La   explotación  sexual  comercial  de  personas  entre  los 14 y 18 años estaría sancionada únicamente con el delito  de  «estímulo  a  la  prostitución  de  menores».  En   este   caso,   se  dejaría  sin  sancionar  al  «cliente»  que  explote  al  adolescente  en  este  rango  de edad,  salvo  que  incurra  en  algún otro delito (por ejemplo: «acto  sexual   violento»,   artículo  206  del  Código  Penal),  que  se  configure  independientemente de la edad de la persona.   

(…)  

Con   fundamento   en   las   anteriores  reflexiones,  el proyecto que ponemos a consideración del honorable Congreso de  la  República  propone  la  creación  de  un  nuevo tipo penal que penalice la  conducta   de   los   «clientes»  de  la  utilización  de  niños,  niñas  y  adolescentes  en  la prostitución. (Énfasis fuera de  texto).   

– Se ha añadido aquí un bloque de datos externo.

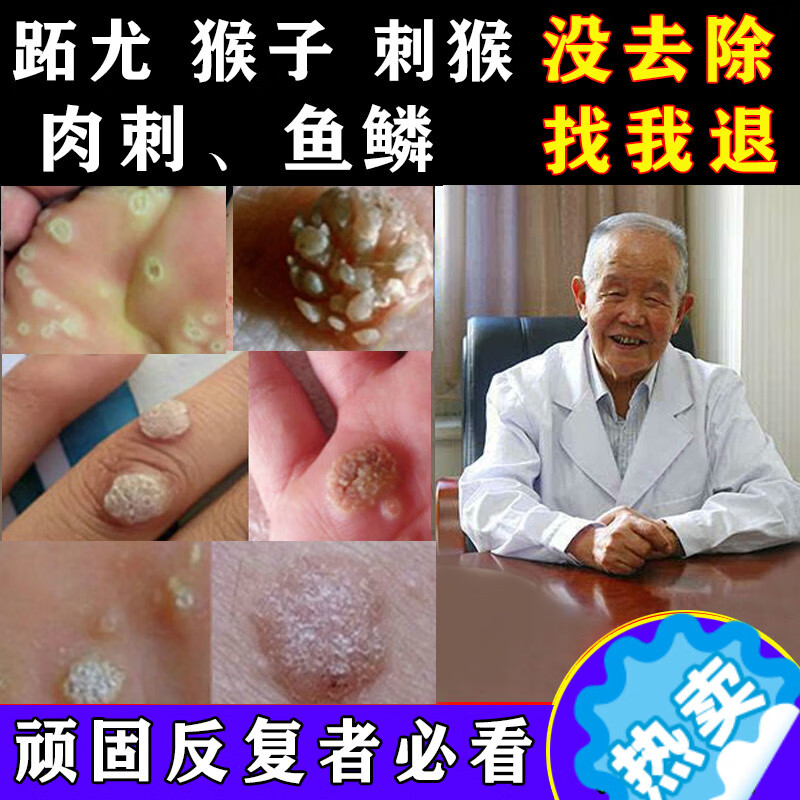 京健康子的药肉粒疙瘩鱼鳞痣休子点瘊子痦子治肉刺去除手 肉刺去除手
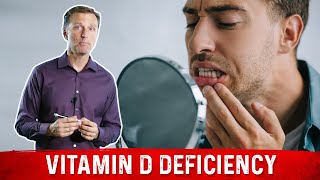 Vitamin D Deficiency Effects on Your Teeth – DrBerg [upl. by Adlanor959]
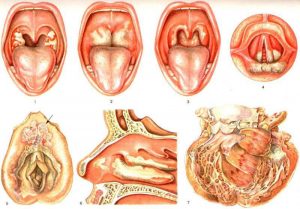 Nguyên nhân gây bệnh bạch hầu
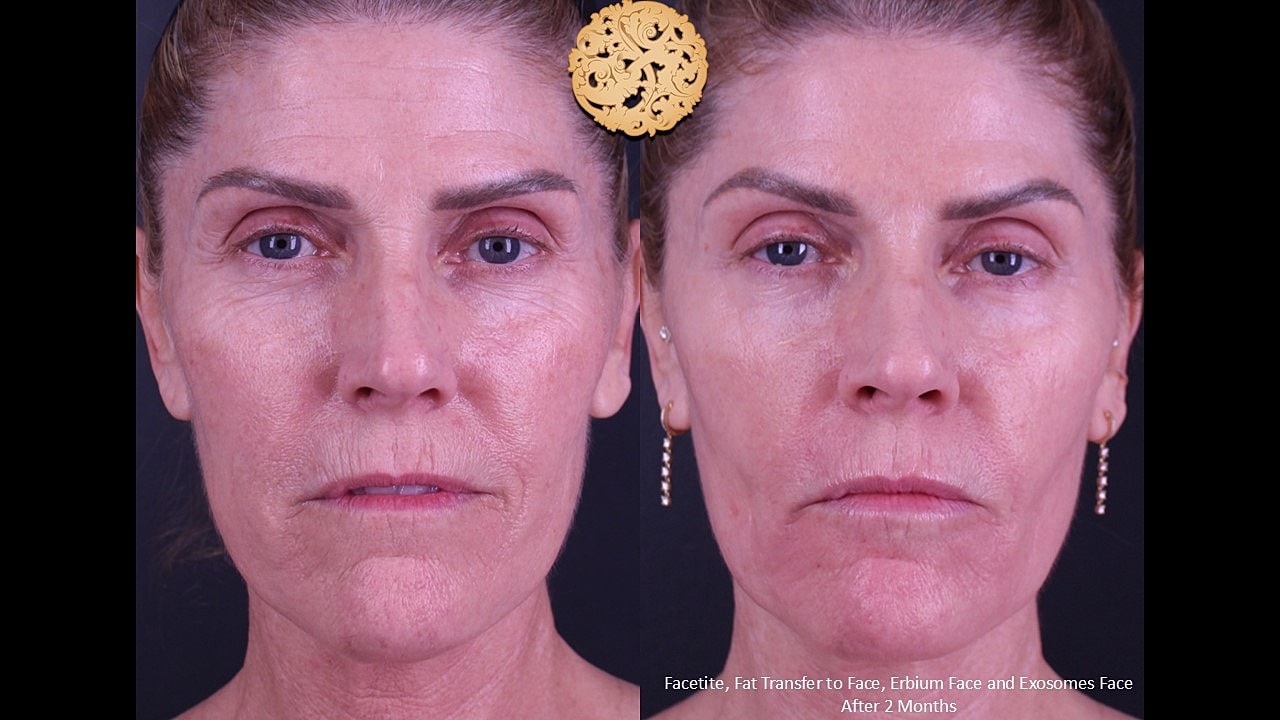 Before and after facial treatment comparison.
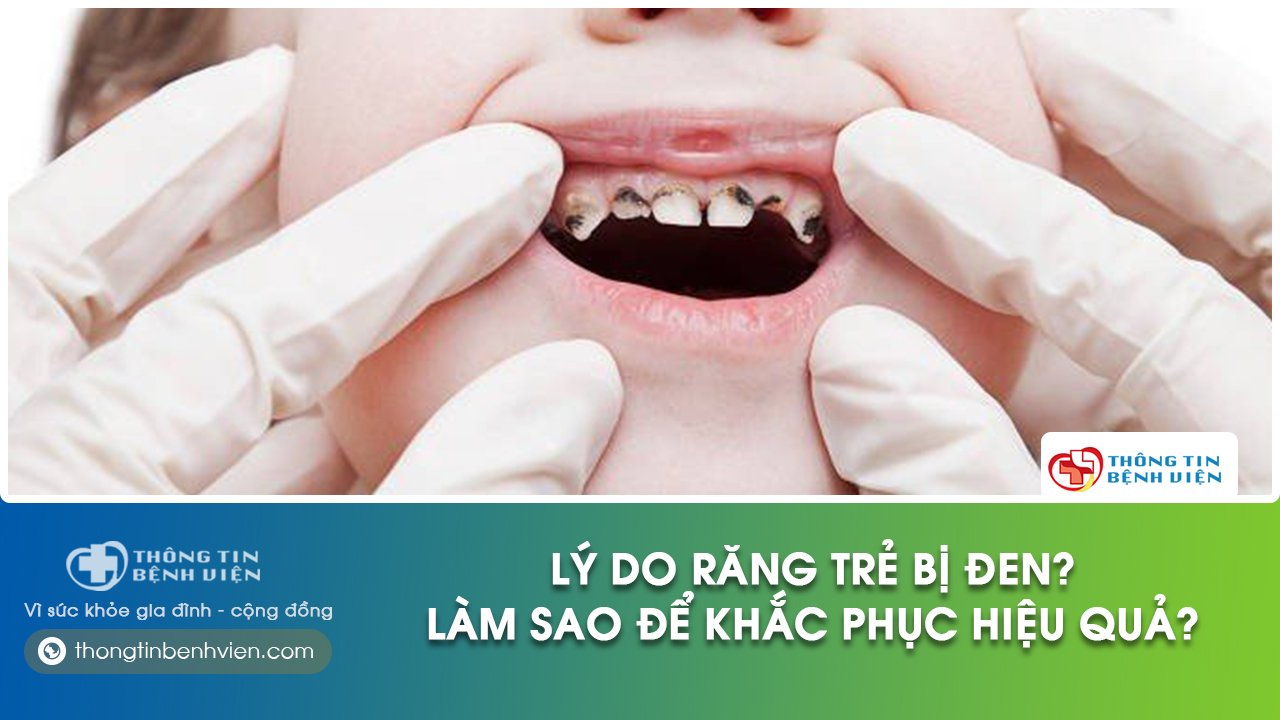 răng trẻ bị đen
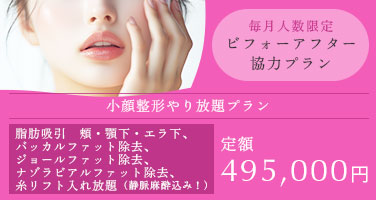 毎月人数限定 ビフォーアフター協力プラン。脂肪吸引 頬・顎下・エラ下、バッカルファット除去、ジョールファット除去、ナゾラビアルファット除去、糸リフト入れ放題、定額495,000円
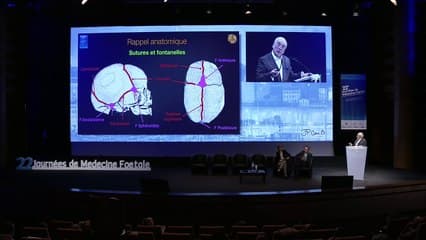 CRANIOSTÉNOSE • Dépistage anténatal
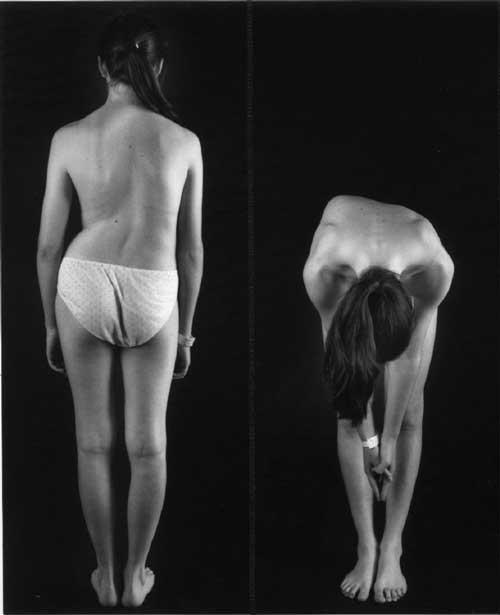 The physical signs of AIS The signs are readily seen when the trunk is viewed from behind with the subject standing erect (Figure 1). 2004 Scoliosis Australia Figure 1. Left.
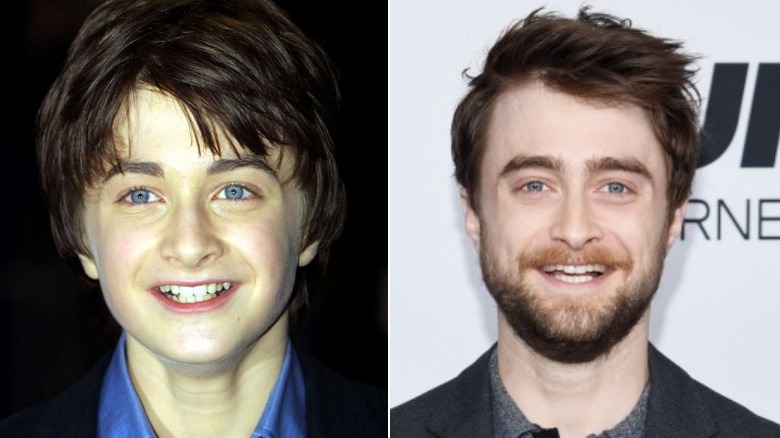 child star Daniel Radcliffe then and now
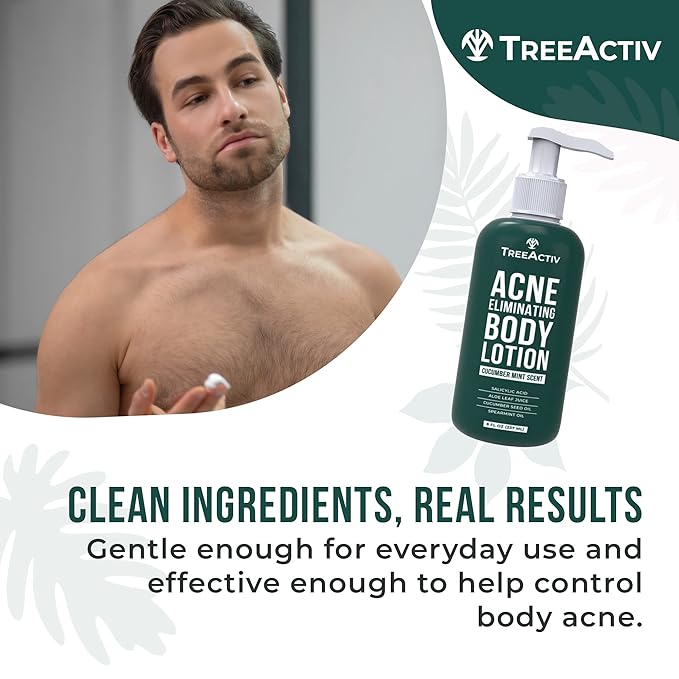 TreeActiv Acne Eliminating Body Lotion 8 fl oz | Clears Body, Back, Butt and Shoulder Acne | Anti-Acne Moisturizer | Prevents Future Breakouts | Cucumber Mint Scent-FemmiqueWomen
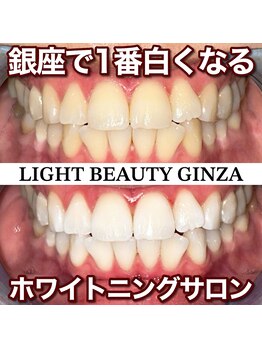 ライトビューティー 銀座店(LightBeauty)/東銀座 ホワイトニング 症例写真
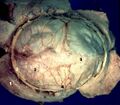 Middle meningeal artery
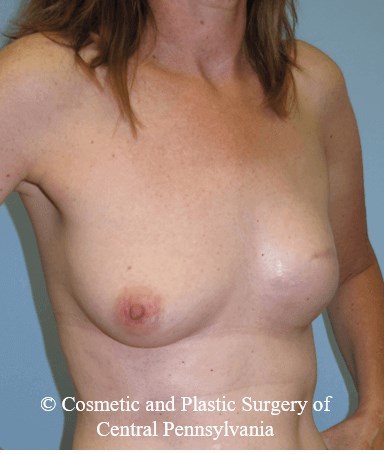 Breast Reconstruction After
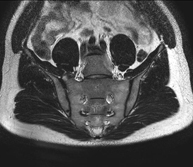 RM de sacroilíaques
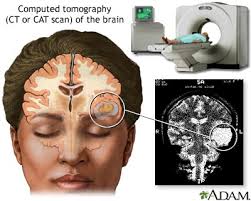 migraine symptoms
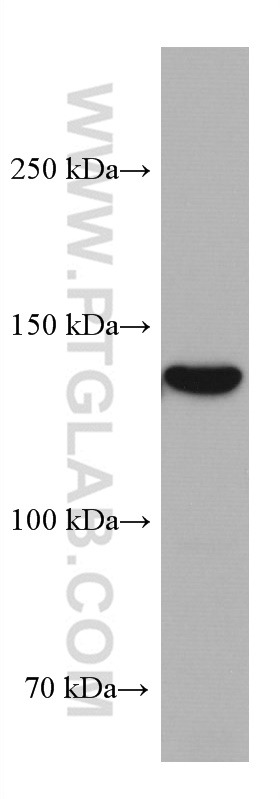 GUCY2C Monoclonal antibody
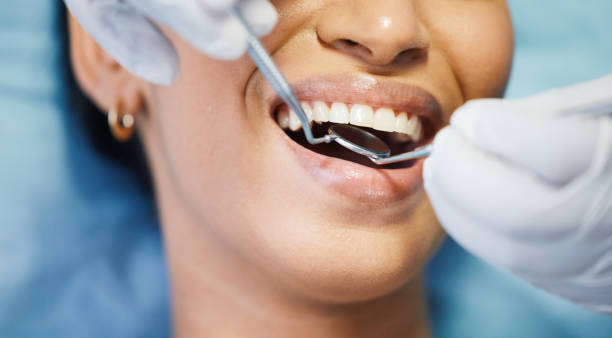 Best Emergency Dental Care for Broken or Chipped Teeth in Gray, TN
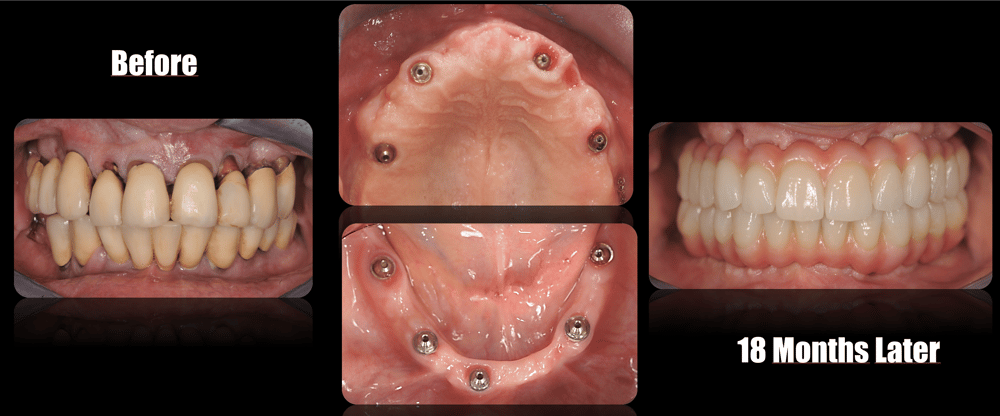 Fig.13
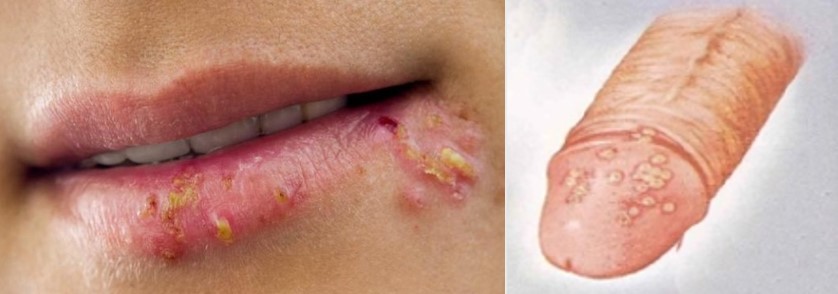 [항 바이러스제] herpes virus (헤르페스 바이러스) ② 관련 이미지 8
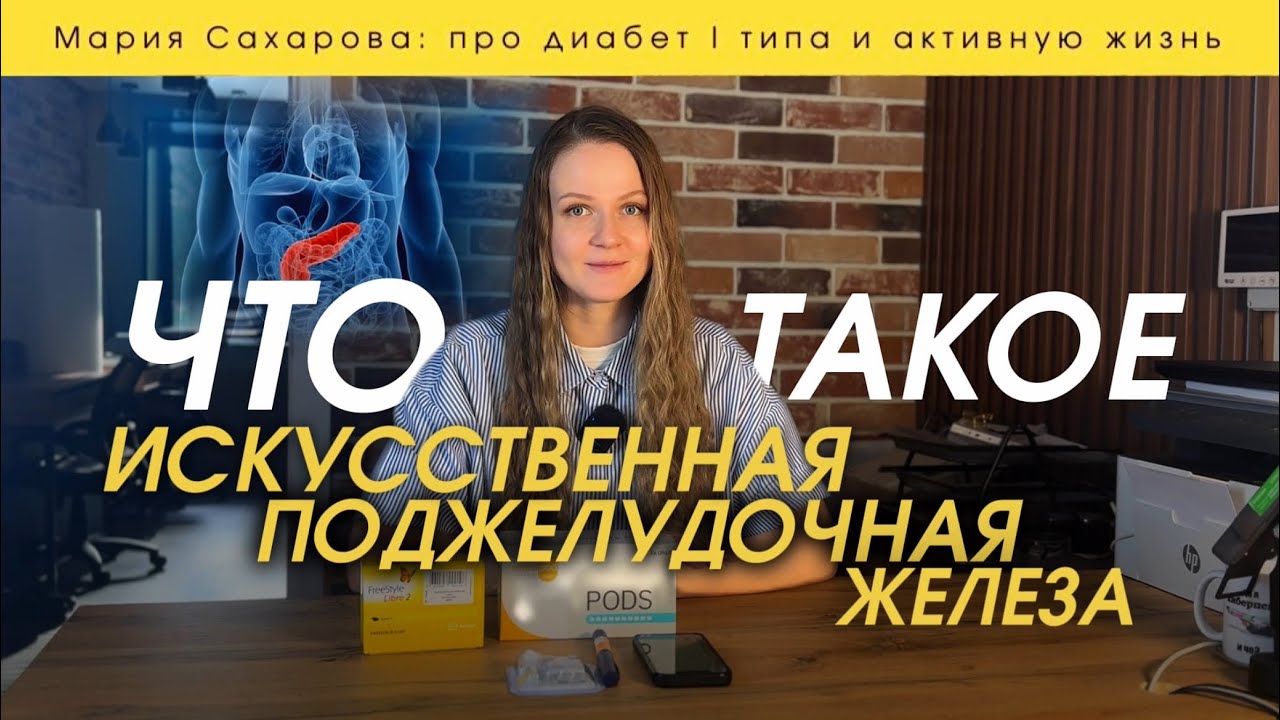 Что такое Искусственная поджелудочная железа для диабетиков: мой опыт и супер новость для России!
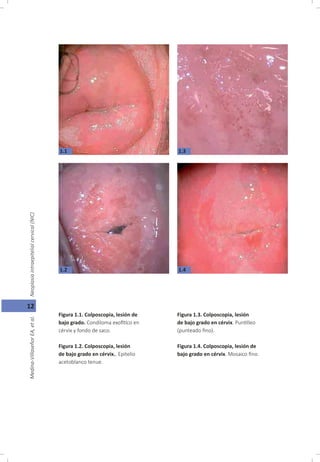 Oncología Ginecológica, Capitulo 1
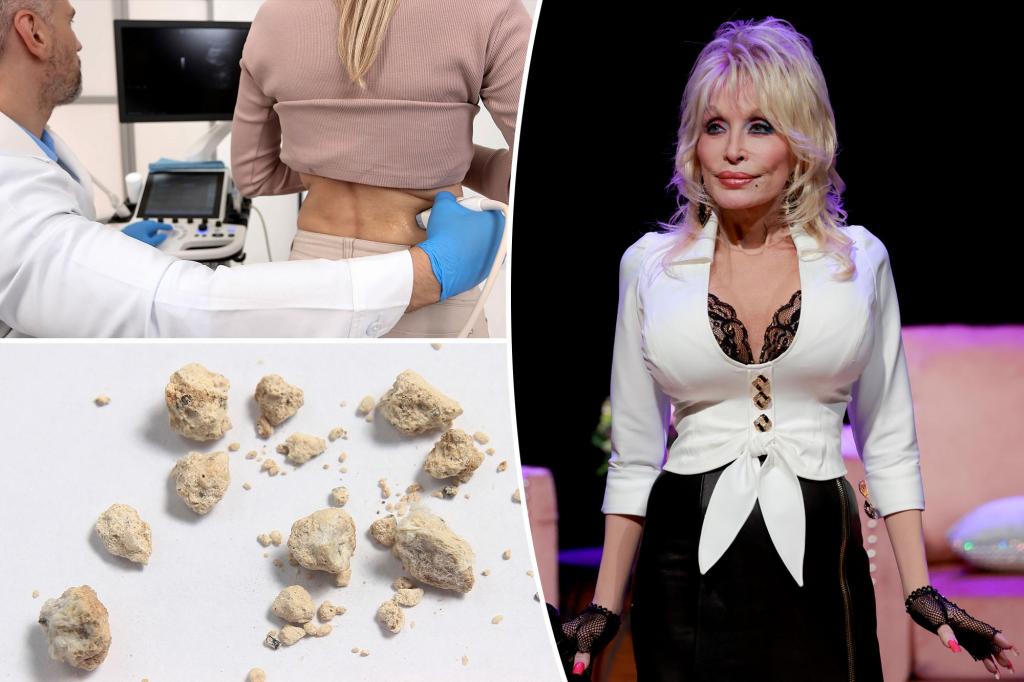 6 signs of kidney stones as Dolly Parton cancels event because one...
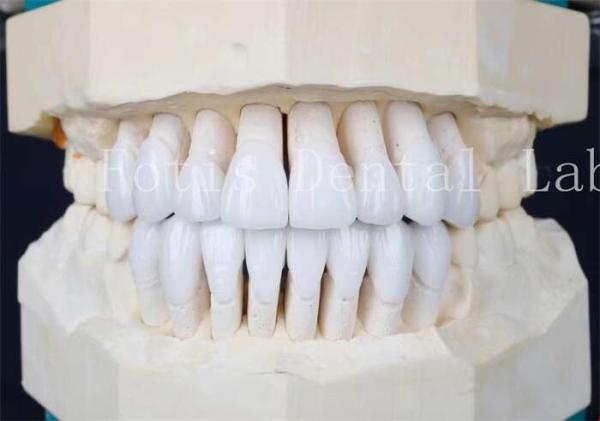 Adhesive Bonding Cement and High Strength Synthetic Laminate Veneers The Perfect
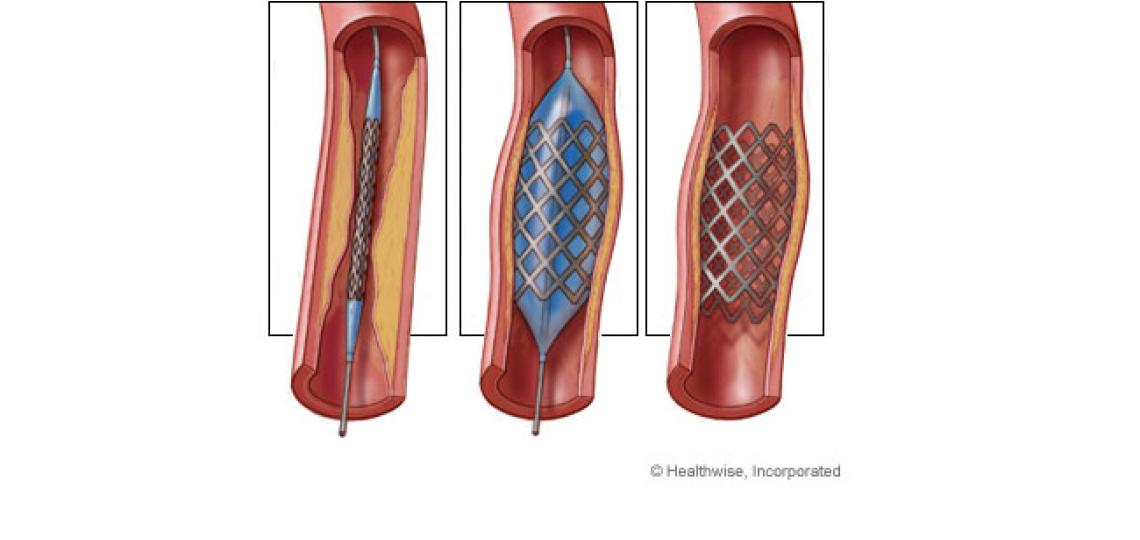 Angioplasty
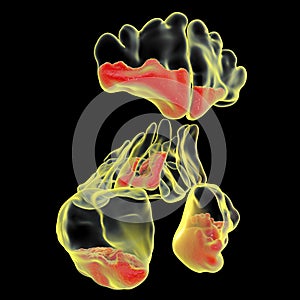 Purulent inflammation of frontal, maxillary, and ethmoid sinuses, close-up view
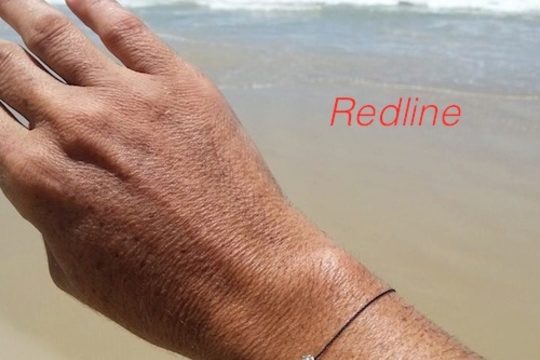 Un Redline en vacances …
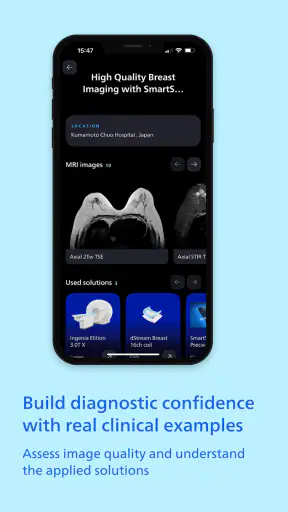Philips MR Imaging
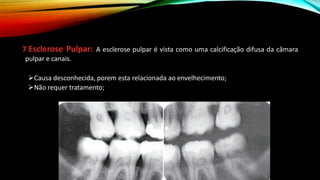 7 Esclerose Pulpar: A esclerose pulpar é vista como uma calcificação difusa da câmara
pulpar e canais.
➢Causa desconhecida, porem esta relacionada ao envelhecimento;
➢Não requer tratamento;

En  ese  orden  de  ideas, se atisba que lo  pretendido  por  el legislador en ese acto jurídico fue la protección integral  de    los    derechos    del   «niño»,   entendiendo   ésta  expresión,  de  acuerdo  con  la  Convención  Internacional  de  los  Derechos  del  Niño (CDN), adoptada en 1989 y ratificada por Colombia según la  Ley     12    de    1991,    como    «todo  ser  humano  menor  de  dieciocho  años de edad,  salvo  que,  en  virtud  de  la  ley  que le sea aplicable, haya  alcanzado  antes la mayoría de edad» (Énfasis fuera  de texto).   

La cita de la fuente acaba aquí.